# Pickerel Creek Hunt up for grabs



## Steelheader88 (Aug 14, 2008)

Hey guys, do to my hunting partner backing out, It is first come first serve for a online won permit for opening day at Pickerel creek spot #41. Meet me at my house or in near Parma, ohio location and I'll sign it over to ya, not for sale but maybe a box of shells or duck loads would be fine, if not that's ok too. just want to see someone use it. e-mail me at [email protected] I'll try and keep this civil but first come first serve. Id like to get this over with today, Wednesday.


----------



## ducksdemise (Sep 15, 2004)

41 is the primo spot right next to Ottawa gun club!!!!!!!!!!
To bad I gave up wterfowl hunting.


----------



## BuckeyeHunter (Nov 5, 2008)

I sent you an email


----------



## freyedknot (Apr 10, 2004)

D.D. is right on about that being the prime area. i would find someone to go. like a wife or even a bum.


----------



## BuckeyeHunter (Nov 5, 2008)

Another idea for you - like I said in the email my plan was to hunt Resthaven for awhile in the morning before taking our boat in Sandusky out for the year so I'm going to be there regardless. If you want to go but just don't want to go alone I might be able to work something out with you.


----------



## DuckMan1006 (Sep 16, 2011)

I hunted at Pickerel in early teal / goose. It was a nightmare... 90+ degrees. Right after we started picking up the geese tried to land on us, and then right at dusk when we were picking up we heard what we thought was a train... then realized it was mosquitos! I think I lost a pint of blood... and swallowed about a gallon of bug spray fogging myself.
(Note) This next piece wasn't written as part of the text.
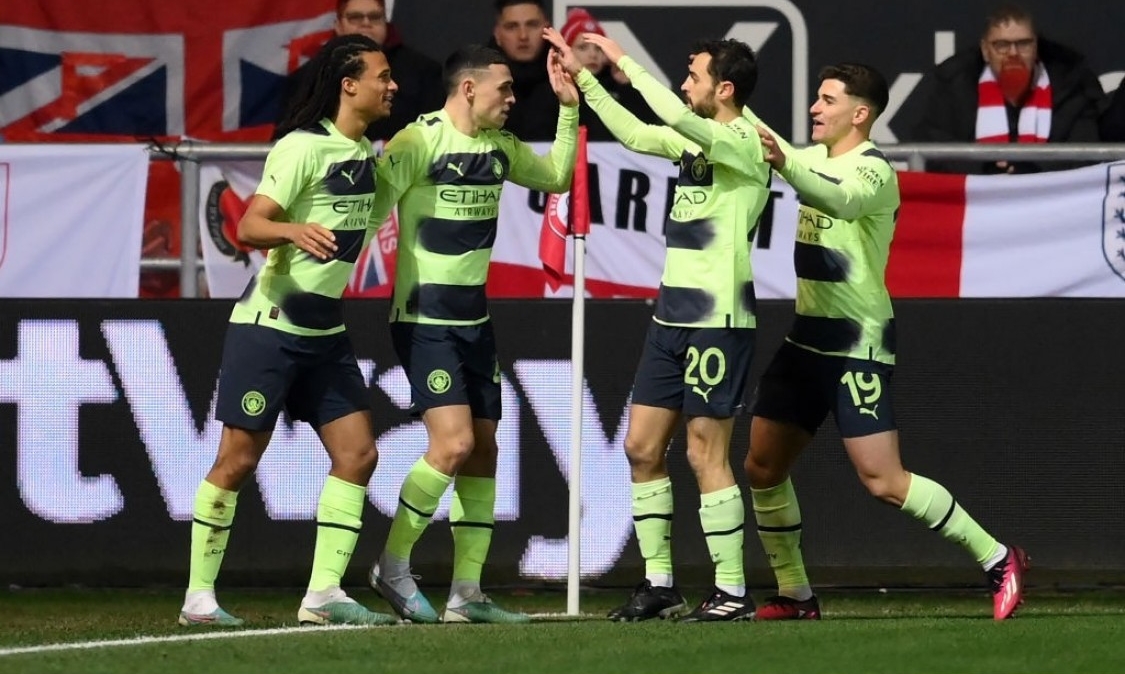 穆里尼奥罗马对曼联,足坛疯狂4小时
I would love to hunt that place in colder weather though... saw tons of birds.


----------



## Steelheader88 (Aug 14, 2008)

thanks for the replies guys, the permit has been transferred. Between school and being pretty busy i didnt have a chnace to properly scout or prep for it, along with the partner problem. Good luck to you all on opening day.


----------